Li claims A Conference badminton title

By Nelson Coffin

Rita Li did not falter in her first A Conference badminton final.

Instead, the Friends sophomore flourished while claiming a No. 1 singles individual title on Friday at Roland Park Country School.

Although Li defeated Alina Lemke, 21-7, 21-4, to finish the season unbeaten and mostly unchallenged, the Roland Park freshman scored nearly three times as many points against the Quaker star than two previous opponents did combined in the quarterfinal and semifinal rounds.

At 5-feet-10, Li’s wing span, agility, athleticism and experience — the international transfer student played year-round in China — make her a formidable opponent.

“She has all the shots,” Friends coach Tom Buck said. “She has an excellent smash, a great drop and her backhand is as strong as her forehand. I don’t see any weaknesses.”

Buck said that Li’s teammates do not feel threatened by her prowess.

“They adore her,” he said. “They really appreciate her. I see a lot of socialization going on with her and her teammates.”

Friends senior Jocelyn Gann said that that she was excited to welcome her new teammate and nervous about playing against her.

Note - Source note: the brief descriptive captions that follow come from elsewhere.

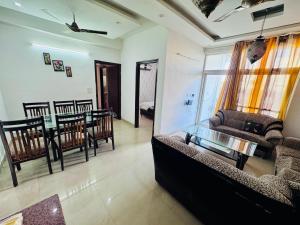 a living room with a couch and a table at Pradise in Mohali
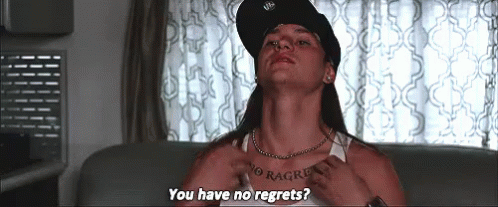 A Man With A Tattoo On His Chest Is Sitting On A Couch And Asking If He Has No Regrets . GIF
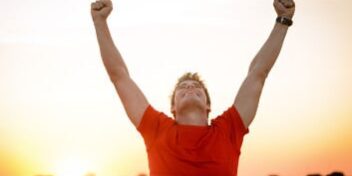 motivation-mann-jubelt-sonnenuntergang_353 Mann streckt die Arme in die Höhe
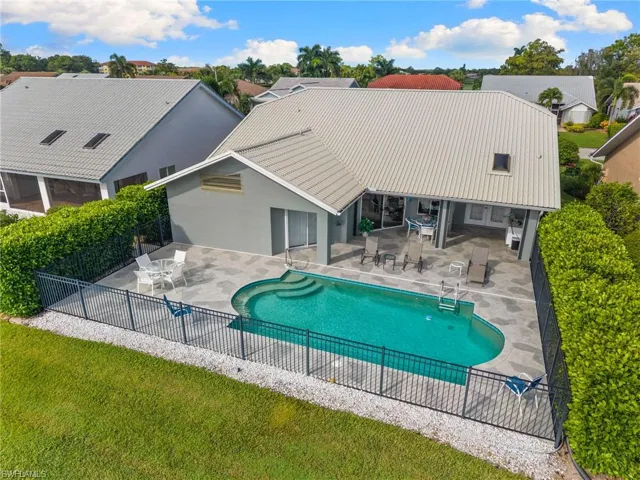View of pool with a patio area, a residential view, and outdoor dining space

“I had heard a lot about her,” Gann said. “She’s good enough that she can help to teach us. She’s super helpful. I could see how good she was when she played against our assistant coach (Vincent Nguy). With her length, she has a great lunge. She doesn’t have to move as much as we do to get to a shot.”

Roland Park coach Jane Seibert said that Li is far and away the most accomplished player in the league.

“Her finesse is at a totally different level,” said Seibert, whose Reds captured the A Conference team crown.

Buck said that he didn’t know that Li was joining the team until just before the season.

“I didn’t believe how good she was until I saw her play,” he said.

For Li, though, there were other major challenges while transitioning from a school in China to Friends, according to an article by athletic coordinator Ken Zalis on the Friends School website.

“The hardest part is the language,” Li said in an interview with Zalis. “For the first month at Friends, I could hardly understand what the teachers said in class. The homework took me more than two hours a night to finish and the [10-day] schedule is very different — the classes are longer. Here, students move from one classroom to another instead of the teachers moving.

“Collection, Meeting for Worship, and advisory are also all new to me,” she adds. “I did not talk often in the first few months at Friends because I was nervous. Now I feel more confident; I am used to the schedule. and I am able to understand what the teachers are saying in class, but I still have a little difficulty in English. Also, I talk more than before and have made many friends. Everything is getting better each day. I like Friends a lot.”